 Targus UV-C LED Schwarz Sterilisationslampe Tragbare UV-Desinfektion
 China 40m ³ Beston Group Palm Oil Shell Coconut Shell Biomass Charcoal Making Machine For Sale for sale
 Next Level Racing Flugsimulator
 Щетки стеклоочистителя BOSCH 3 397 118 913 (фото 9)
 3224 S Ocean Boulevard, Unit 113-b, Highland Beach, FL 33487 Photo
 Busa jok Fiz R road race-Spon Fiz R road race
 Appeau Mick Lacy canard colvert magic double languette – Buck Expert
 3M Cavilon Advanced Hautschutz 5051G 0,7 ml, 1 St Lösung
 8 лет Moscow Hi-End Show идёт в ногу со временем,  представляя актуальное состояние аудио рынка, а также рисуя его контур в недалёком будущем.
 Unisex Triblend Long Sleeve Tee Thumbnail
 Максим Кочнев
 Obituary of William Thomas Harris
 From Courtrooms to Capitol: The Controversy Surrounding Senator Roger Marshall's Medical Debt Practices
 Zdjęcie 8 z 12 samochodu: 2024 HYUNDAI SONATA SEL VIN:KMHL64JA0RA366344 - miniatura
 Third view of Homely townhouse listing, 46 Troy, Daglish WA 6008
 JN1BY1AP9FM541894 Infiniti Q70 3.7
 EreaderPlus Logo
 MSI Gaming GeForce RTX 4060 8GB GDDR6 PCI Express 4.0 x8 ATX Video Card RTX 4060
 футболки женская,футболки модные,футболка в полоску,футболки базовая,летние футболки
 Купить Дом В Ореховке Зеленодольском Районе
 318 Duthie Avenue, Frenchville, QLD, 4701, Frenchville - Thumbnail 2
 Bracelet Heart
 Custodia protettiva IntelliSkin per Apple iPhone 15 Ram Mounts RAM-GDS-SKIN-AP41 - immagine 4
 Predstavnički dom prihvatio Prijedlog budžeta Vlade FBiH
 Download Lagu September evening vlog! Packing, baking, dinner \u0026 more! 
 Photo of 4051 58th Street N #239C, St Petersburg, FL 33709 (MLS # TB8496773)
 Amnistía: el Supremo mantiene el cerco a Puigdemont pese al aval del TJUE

**********

Retype all of the lines shown above, keeping each one exact.

*The completed task*.
 Targus UV-C LED Schwarz Sterilisationslampe Tragbare UV-Desinfektion
 China 40m ³ Beston Group Palm Oil Shell Coconut Shell Biomass Charcoal Making Machine For Sale for sale
 Next Level Racing Flugsimulator
 Щетки стеклоочистителя BOSCH 3 397 118 913 (фото 9)
 3224 S Ocean Boulevard, Unit 113-b, Highland Beach, FL 33487 Photo
 Busa jok Fiz R road race-Spon Fiz R road race
 Appeau Mick Lacy canard colvert magic double languette – Buck Expert
 3M Cavilon Advanced Hautschutz 5051G 0,7 ml, 1 St Lösung
 8 лет Moscow Hi-End Show идёт в ногу со временем,  представляя актуальное состояние аудио рынка, а также рисуя его контур в недалёком будущем.
 Unisex Triblend Long Sleeve Tee Thumbnail
 Максим Кочнев
 Obituary of William Thomas Harris
 From Courtrooms to Capitol: The Controversy Surrounding Senator Roger Marshall's Medical Debt Practices
 Zdjęcie 8 z 12 samochodu: 2024 HYUNDAI SONATA SEL VIN:KMHL64JA0RA366344 - miniatura
 Third view of Homely townhouse listing, 46 Troy, Daglish WA 6008
 JN1BY1AP9FM541894 Infiniti Q70 3.7
 EreaderPlus Logo
 MSI Gaming GeForce RTX 4060 8GB GDDR6 PCI Express 4.0 x8 ATX Video Card RTX 4060
 футболки женская,футболки модные,футболка в полоску,футболки базовая,летние футболки
 Купить Дом В Ореховке Зеленодольском Районе
 318 Duthie Avenue, Frenchville, QLD, 4701, Frenchville - Thumbnail 2
 Bracelet Heart
 Custodia protettiva IntelliSkin per Apple iPhone 15 Ram Mounts RAM-GDS-SKIN-AP41 - immagine 4
 Predstavnički dom prihvatio Prijedlog budžeta Vlade FBiH
 Download Lagu September evening vlog! Packing, baking, dinner \u0026 more! 
 Photo of 4051 58th Street N #239C, St Petersburg, FL 33709 (MLS # TB8496773)
 Amnistía: el Supremo mantiene el cerco a Puigdemont pese al aval del TJUE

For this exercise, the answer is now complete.